As two class-action lawsuits continue to work their way through the court system, investment firm Keefe, Bruyette & Woods has produced a 75-page report examining the likely impact that a change to the National Association of Realtor’s Clear Cooperation rules would have on the real estate industry. Center to all the concern is the practice of cooperative compensation. Analysts at KBW believe that a court-ordered injunction could “unbundle” commissions nationally by early 2024, eliminating the longstanding practice of listing agents and sellers setting and paying buyer agent commissions.
Should the courts ban cooperative compensation, the annual $100 billion commission pool could shrink by 30 percent over time. KBW put the odds of a ban at 50 percent for the Sitzer/Burnett lawsuit and 75 percent for the Moehrl suit.
The KBW also found that that based on conversations with industry participants, agent count as a whole could decline drastically under a new commission system.
“We believe agent participation in the industry could decline materially with a complete unbundling of commissions and ensuing reduction in the annual commission pool,” the KBW report noted.
Analysts found that in the U.S., the top 20 percent of agents are responsible for 80-90 percent of transactions, while the top 10 percent of agents are responsible for approximately two-thirds of transactions.
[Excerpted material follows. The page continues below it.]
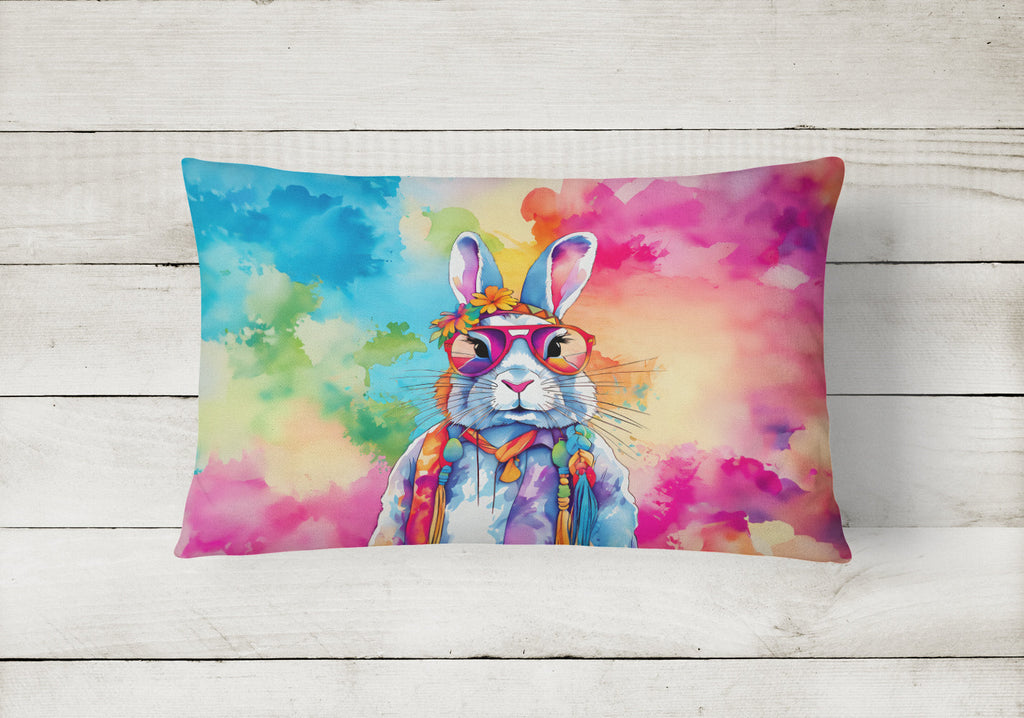 Hippie Animal Rabbit Decorative Throw Pillow 12x16 Indoor Outdoor Accent Cushion, Fabric Cover with Insert for Sofa, Bed, Porch & Living Room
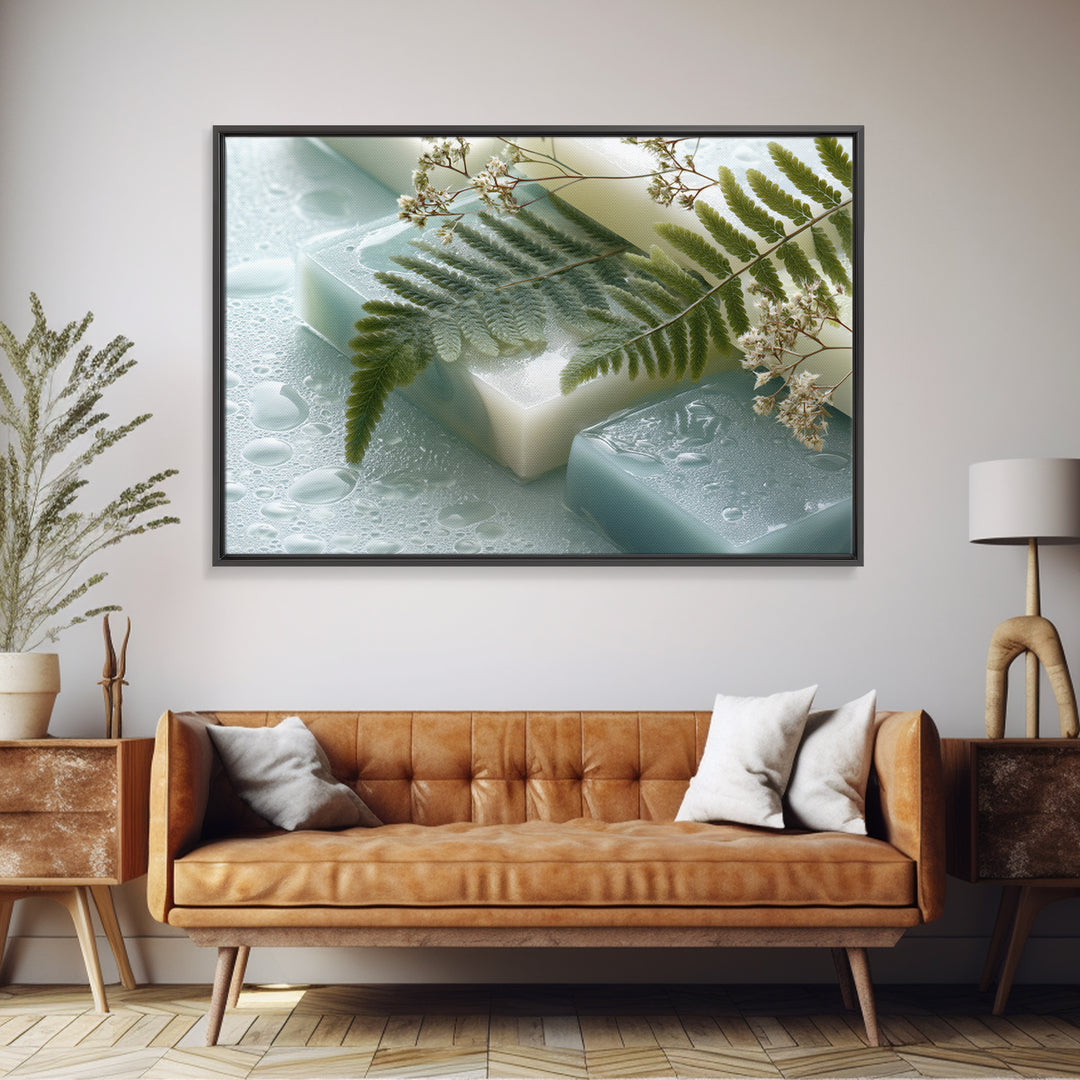 Green Fern Frond Closeup Framed Canvas Print, Bathroom Art, Home Decor, Bathroom Decor, Fine Art, Spa, Canvas Wall Art, BAT-3x2-14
Tipping the power balance toward seller agents, the report suggests that the agent count in the U.S. could theoretically decline to approximately 300,000-600,000 over time, or by 60-80 percent based on current NAR membership of 1.6 million.
“What [this] shows us is that theoretically, the U.S. should only have like 500,000 agents,” Ryan Tomasello, a managing director with KBW who was also the primary author on the report, told Inman.